Head of Networks Sales and Distribution HSBC Indonesia, Sumirat Gandapraja, mengungkapkan bahwa ada kecenderungan kuat di mana para investor mengurangi porsi uang tunai mereka dan mengalihkannya ke emas. Fenomena ini menunjukkan adanya perubahan perilaku yang sangat signifikan.
“Di sini ada kecenderungan bahwa Indonesia akhirnya mengurangi porsi cash dan pindahnya mostly ke emas,” kata Sumirat dalam media briefing HSBC Indonesia di Jakarta, Selasa, 16 September 2025.
2. Mengapa Emas Begitu Diminati?
Menurut Sumirat, ada dua alasan utama di balik demam emas ini. Pertama, emas secara konsisten dianggap sebagai aset aman atau safe haven di tengah kondisi politik maupun ekonomi global yang penuh dengan ketidakpastian. Ini adalah alasan klasik yang tak lekang oleh waktu.
Kedua, ada faktor budaya yang sangat kuat di Indonesia. Emas tidak hanya dilihat sebagai instrumen investasi, tetapi juga memiliki nilai budaya yang tinggi, salah satunya sebagai mas kawin. Kombinasi antara fungsi sebagai pelindung nilai dan simbol status sosial inilah yang membuat emas begitu diminati.

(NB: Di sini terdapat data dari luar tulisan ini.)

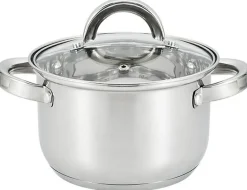 Garnki, Patelnie I Pokrywki^Garnek ze stali nierdzewnej srebrny GAMMA 1,9 l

3. Potret Portofolio Investor Indonesia
Meskipun emas mendominasi, investor kelas atas di Indonesia juga melakukan diversifikasi ke berbagai aset lainnya. Setelah emas (25%), alokasi portofolio mereka tersebar ke properti (10%), obligasi (10%), dan saham (5%).
Jika dibedah lebih dalam, tiga produk keuangan teratas yang paling banyak dimiliki oleh investor kelas atas di Indonesia adalah emas fisik (44%), deposito berjangka (33%), dan investasi terkelola seperti reksa dana (31%).

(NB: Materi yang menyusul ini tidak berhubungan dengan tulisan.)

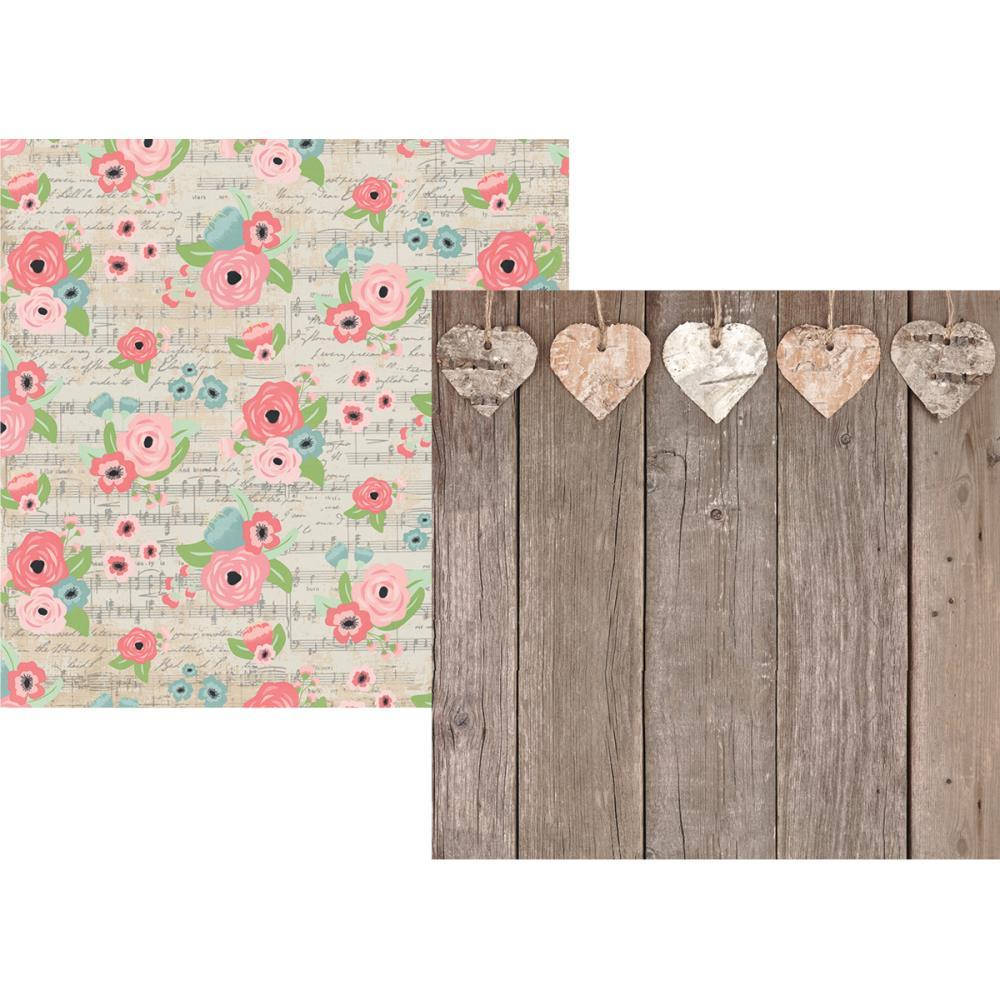 

Папір - Simple Stories - Romance - You & Me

4. Tren Global: Uang Tunai Ditinggalkan
Meningkatnya kepemilikan emas ternyata bukan hanya fenomena lokal. Di tingkat global, HSBC juga melaporkan bahwa para investor ramai-ramai memangkas porsi uang tunai mereka hingga hampir 40% seiring dengan tren penurunan suku bunga.
Sebagai gantinya, mereka juga mengalokasikan dananya ke emas dan saham. Kepemilikan saham oleh investor global bahkan tercatat meningkat dua kali lipat dibandingkan tahun lalu. Ini menunjukkan bahwa tren diversifikasi dari uang tunai ke aset riil sedang terjadi di seluruh dunia.

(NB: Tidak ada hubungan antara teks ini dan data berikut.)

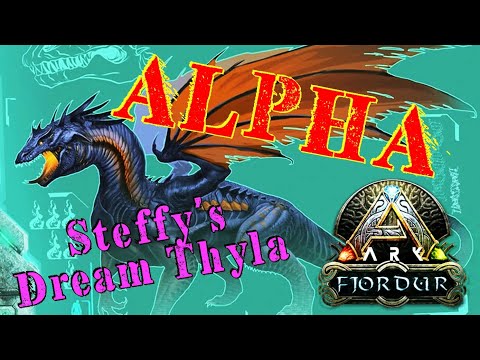 Fjordur - Alpha Dragon Terror - Dream Thylas - Ep43 - Ark Survival Evolved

5. Apa Artinya Ini Bagi Investor?
Bagi investor, fenomena ini adalah sinyal penting. Di tengah era suku bunga rendah yang membuat imbal hasil uang tunai menjadi tidak menarik, investor, baik global maupun domestik, kini aktif mencari alternatif aset yang bisa memberikan imbal hasil lebih baik dan melindungi nilai kekayaan.
Laporan ini menunjukkan bahwa emas telah menjadi pilihan utama bagi orang kaya di Indonesia sebagai benteng pertahanan di tengah ketidakpastian. Ini adalah petunjuk bahwa aset logam mulia masih dianggap sebagai instrumen lindung nilai yang paling tepercaya dan relevan.
Peningkatan porsi emas yang signifikan ini juga menjadi cerminan dari strategi diversifikasi yang cerdas. Investor tidak lagi hanya menumpuk asetnya dalam bentuk tunai, melainkan secara proaktif menyebarkannya ke berbagai instrumen untuk menyeimbangkan antara keamanan dan potensi pertumbuhan.